注意，这里的 queue.add 和 stack.pop 明明是2个对象，怎么就串联起来了呢

代码比较长，我直接画图表示下

wiki/netty/netty.png

也就是说一个Thread 最多cache 256 个 WriteAndFlushTask 对象, 总数又 IO Thread 数量决定, 默认最多应该是 IOThreadCount * 256 个对象

超过这个数字的话都直接 new 一次性对象了。

所以这个是不会造成内存泄漏的，所以回到之前的问题，为什么用Unpool还会造成老年代持续上升。

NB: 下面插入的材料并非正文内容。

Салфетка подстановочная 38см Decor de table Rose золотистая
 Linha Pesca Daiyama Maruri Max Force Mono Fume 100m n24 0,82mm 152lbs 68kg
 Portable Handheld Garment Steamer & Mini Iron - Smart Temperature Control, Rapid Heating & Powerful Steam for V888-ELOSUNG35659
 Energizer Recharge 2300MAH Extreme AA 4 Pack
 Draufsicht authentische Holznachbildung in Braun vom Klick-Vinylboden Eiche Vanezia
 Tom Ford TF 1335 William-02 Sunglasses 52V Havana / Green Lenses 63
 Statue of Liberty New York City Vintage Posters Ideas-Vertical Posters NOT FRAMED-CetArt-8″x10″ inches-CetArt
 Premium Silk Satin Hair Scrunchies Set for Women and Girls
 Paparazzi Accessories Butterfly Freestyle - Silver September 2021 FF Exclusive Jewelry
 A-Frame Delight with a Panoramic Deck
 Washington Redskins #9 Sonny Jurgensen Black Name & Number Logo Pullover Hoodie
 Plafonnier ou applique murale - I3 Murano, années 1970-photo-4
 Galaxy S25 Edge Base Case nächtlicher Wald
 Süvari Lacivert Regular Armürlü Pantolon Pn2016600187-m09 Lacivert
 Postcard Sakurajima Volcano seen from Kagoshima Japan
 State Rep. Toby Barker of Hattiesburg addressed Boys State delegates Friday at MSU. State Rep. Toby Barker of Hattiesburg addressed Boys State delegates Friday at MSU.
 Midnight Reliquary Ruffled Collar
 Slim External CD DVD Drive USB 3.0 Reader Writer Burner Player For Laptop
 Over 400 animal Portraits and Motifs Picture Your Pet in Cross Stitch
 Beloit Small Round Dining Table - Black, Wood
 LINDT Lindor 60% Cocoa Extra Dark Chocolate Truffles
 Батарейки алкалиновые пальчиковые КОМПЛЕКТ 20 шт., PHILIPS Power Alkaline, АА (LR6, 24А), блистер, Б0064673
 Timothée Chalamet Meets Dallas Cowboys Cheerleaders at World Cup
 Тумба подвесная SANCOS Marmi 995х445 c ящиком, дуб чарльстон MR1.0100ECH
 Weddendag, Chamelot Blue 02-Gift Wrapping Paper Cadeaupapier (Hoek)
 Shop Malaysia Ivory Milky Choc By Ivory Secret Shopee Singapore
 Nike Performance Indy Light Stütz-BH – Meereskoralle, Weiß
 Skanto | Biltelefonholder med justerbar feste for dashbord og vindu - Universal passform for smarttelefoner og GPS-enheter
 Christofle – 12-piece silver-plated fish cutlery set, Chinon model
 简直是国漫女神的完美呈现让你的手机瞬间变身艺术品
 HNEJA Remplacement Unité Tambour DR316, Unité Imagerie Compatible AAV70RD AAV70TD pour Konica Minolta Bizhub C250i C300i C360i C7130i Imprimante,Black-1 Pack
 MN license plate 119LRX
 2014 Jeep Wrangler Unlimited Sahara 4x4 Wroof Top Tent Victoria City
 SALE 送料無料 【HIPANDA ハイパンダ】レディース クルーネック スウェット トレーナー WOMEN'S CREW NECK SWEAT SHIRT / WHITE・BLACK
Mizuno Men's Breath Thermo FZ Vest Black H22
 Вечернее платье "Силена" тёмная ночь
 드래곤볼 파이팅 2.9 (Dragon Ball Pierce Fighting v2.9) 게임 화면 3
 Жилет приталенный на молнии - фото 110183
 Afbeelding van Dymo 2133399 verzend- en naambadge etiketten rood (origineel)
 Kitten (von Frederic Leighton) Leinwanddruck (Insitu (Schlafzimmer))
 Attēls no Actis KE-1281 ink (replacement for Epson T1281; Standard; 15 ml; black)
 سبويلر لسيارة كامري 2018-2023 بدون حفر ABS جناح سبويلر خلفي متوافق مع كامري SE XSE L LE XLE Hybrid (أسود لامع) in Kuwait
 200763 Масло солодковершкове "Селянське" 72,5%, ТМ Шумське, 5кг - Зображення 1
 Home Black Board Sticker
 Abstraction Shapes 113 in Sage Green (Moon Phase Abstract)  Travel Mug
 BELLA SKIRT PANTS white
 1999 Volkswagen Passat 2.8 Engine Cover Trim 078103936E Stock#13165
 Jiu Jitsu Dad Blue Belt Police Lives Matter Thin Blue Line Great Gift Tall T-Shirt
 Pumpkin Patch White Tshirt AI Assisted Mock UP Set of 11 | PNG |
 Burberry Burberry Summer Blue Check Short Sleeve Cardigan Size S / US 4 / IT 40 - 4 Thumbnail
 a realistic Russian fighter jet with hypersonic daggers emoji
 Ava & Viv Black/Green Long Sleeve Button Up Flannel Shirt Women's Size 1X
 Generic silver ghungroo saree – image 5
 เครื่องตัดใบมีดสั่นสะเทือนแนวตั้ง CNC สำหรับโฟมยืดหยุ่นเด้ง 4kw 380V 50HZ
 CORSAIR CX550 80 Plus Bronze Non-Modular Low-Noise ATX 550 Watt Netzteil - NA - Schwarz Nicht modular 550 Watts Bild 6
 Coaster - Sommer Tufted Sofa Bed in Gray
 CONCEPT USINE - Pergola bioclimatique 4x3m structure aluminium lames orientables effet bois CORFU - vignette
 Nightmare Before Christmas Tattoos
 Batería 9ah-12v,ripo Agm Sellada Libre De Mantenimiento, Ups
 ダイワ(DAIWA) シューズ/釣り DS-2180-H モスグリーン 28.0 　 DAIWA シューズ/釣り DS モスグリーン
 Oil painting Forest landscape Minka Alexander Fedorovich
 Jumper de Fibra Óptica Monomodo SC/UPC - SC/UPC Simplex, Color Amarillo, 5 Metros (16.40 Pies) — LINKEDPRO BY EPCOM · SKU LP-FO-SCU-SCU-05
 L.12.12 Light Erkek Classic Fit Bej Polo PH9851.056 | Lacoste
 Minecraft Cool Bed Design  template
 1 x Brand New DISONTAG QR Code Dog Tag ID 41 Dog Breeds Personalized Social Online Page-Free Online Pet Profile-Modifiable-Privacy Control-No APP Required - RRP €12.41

后来我将 selector 线程和 IO 线程都改成 1个然后，然后 print 出每次请求的id(每次请求id 自增)，发现 id 并不同步，降低频率后可以同步，也就是说，

server 没有将buf 写出去，由于是在 businessThread 里写 response 是提交到 IOLoop 里面的queue 的，然后 IOLoop 里面是给读的IO 事件和别的所有异步事件各 50% 的时间

for(;;){
  // 省略 xxx
  final int ioRatio = this.ioRatio;// 默认是 50
    if (ioRatio == 100) { 
        processSelectedKeys();
        runAllTasks();
    } else {
        final long ioStartTime = System.nanoTime();

        // 先处理IO时间，
        processSelectedKeys();

        final long ioTime = System.nanoTime() - ioStartTime;
        runAllTasks(ioTime * (100 - ioRatio) / ioRatio);
    }

    if (isShuttingDown()) {
        closeAll();
        if (confirmShutdown()) {
            break;
        }
    }
  // 省略 xxx
}

这个Task 不仅仅是 WriteAndFlushTask 还有 CloseTask， registerTask, 等等返回xxxFuture 的基本都是靠他实现的。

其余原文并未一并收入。